Death (the skeleton) and Delight

Every hours, when he rings his bell, and the hourglass turns it launches the apostles forty second journey outside into the elements, before the windows close and the rooster crows and flaps its wings (generally to the sound of applause from the gathered throng down below).

Wednesday, 8 February 2017

Prague Landmarks #5 - The Hanging Man

I've mentioned in other posts in this blog that when you're in Prague, you really need to look all around you to be able to really appreciate the city, especially some of its quirkier features. And all around includes looking upwards in places where you'd least think about looking upwards!

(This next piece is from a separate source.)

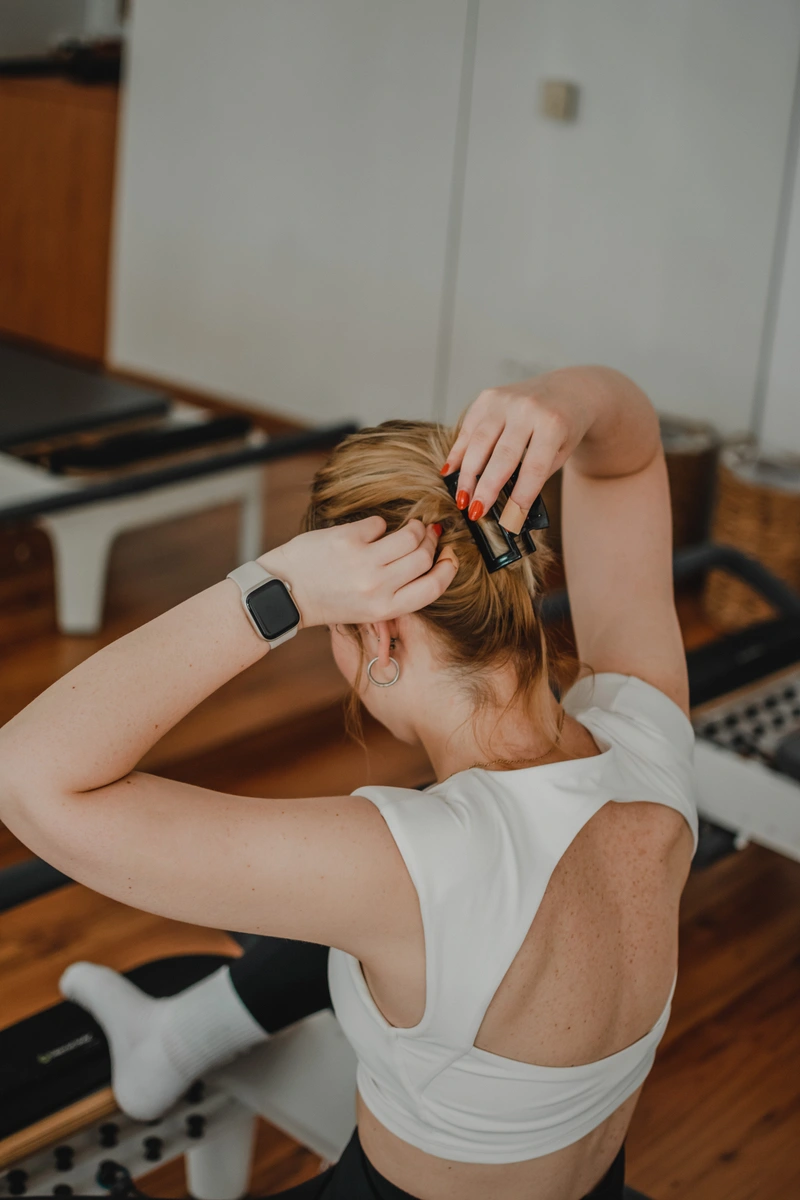 Nő egy fekete csattal feltűzi a haját reformer pilates gyakorlathoz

One of these places is the intersection of Husova and Skořepka in Stare Mesto. As you approach the intersection it's easy to keep your eyes focused in front of you as a number of small backstreets converge, and there are a couple of interesting little shops and restaurants which can easily distract you. But if you pause for a moment and look skywards you'll see the somewhat disturbing sight of a man hanging from a beam above the street.

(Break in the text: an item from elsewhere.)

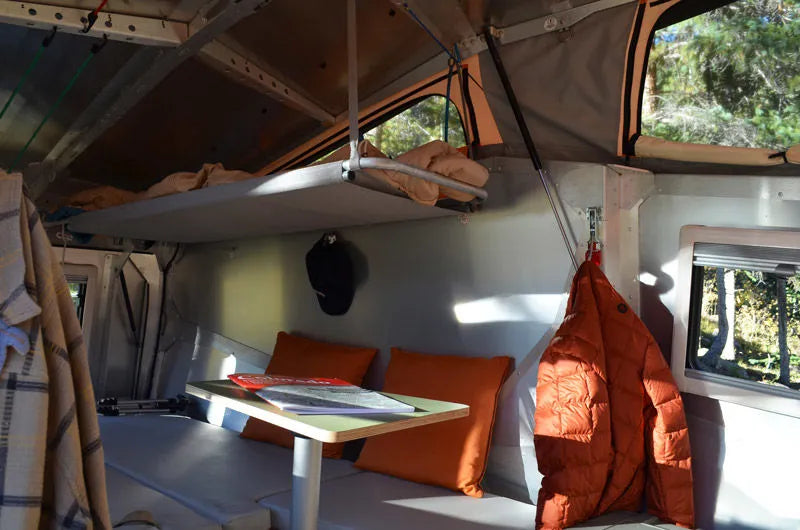 and windows showing a lake view.|Explore comfort in this RV rental's cozy interior — photo 5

Man Hanging Out (Husova, Prague 1)

The 'Man Hanging Out' (to give it its the correct name) is another of David Cernvy's weird and whacky pieces - you may remember his name as the designer of the babies on the TV Tower. This one is a 7ft tall bronze coloured fibreglass sculpture depicting Sigmund Freud. It was created in 1996 and has been exhibited in London, Berlin, Rotterdam, Chicago, and Grand Rapids, Michigan.

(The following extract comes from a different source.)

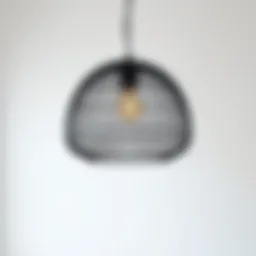 Sleek black woven light fixture against a minimalist background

The renowned psychoanalyst was born in Frieburg, now part of the Czech Republic, and suffered from a number of phobias, including the fear of his own death (who doesn't?!). This depiction has Freud hanging by his had and debating whether or not to let go - a constant struggle between life and death.

It is just a sculpture, but is often mistaken as a suicide attempt and has resulted in more than one call to the fire and police services!

Most people are too busy to even notice it's there!

Saturday, 4 February 2017

Prague Moments #2 - Náplavka

This morning marked the start of the Farmer's Market 2017 season on Náplavka. My Saturday morning in Prague followed a fairly consistent routine, starting with a 2 mile jog, then sorting out my laundry and doing a general tidy up of the Pent-Palace, before heading off to Náplavka along the embankment.

Náplavka and Smíchov from the railway bridge
There is always a buzz around the market and it's location is fantastic, right down by the river, in the shadow of Vyserhrad and the railway bridge across the Vltava. If you want the freshest vegetables and meat, this is the best place to go in my opinion, and stuff is generally much better value than you can get in the supermarkets. Don't expect to pay much lower prices, but the produce is of higher quality and tends to have a longer shelf life. Look out for the fish stall if you like seafood - I've never been disappointed with their wares. Best of all are the seasonal fruits and vegetables - especially around the middle of May, when the city goes mad for asparagus.

The eggs from the market are bigger and browner than any you'll get in the supermarket and it's a great place to get herbs, specialist flavoured oils, cheeses and lovely sticky cakes.

It isn't just about produce to take home for the kitchen. There are plenty of stalls selling hot and cold snacks and drinks, and it doesn't feel at all strange having a beer at ten in the morning after a productive morning shopping.

Náplavka also hosts other events, including a beer festival, and even when there's nothing on, there are a number of riverside bars and barge bars where you can enjoy the summer sun, chill out and watch the world pass by. And it's equally a fine place for an evening stroll!


Quite often there are additional events, particularly food festivals, taking place on the opposite bank of the river at Smíchov. As you walk over the railway bridge you can feel the excitement as the sounds and smells of the food stalls start to crowd your senses.

Memorable moments last year were the chilli festival, the burger festival and the Cider festival. These are multi-cultural affairs, with stands from all over the world including places like Peru, Indonesia and various African nations...

...I'm starting to drool at the thought!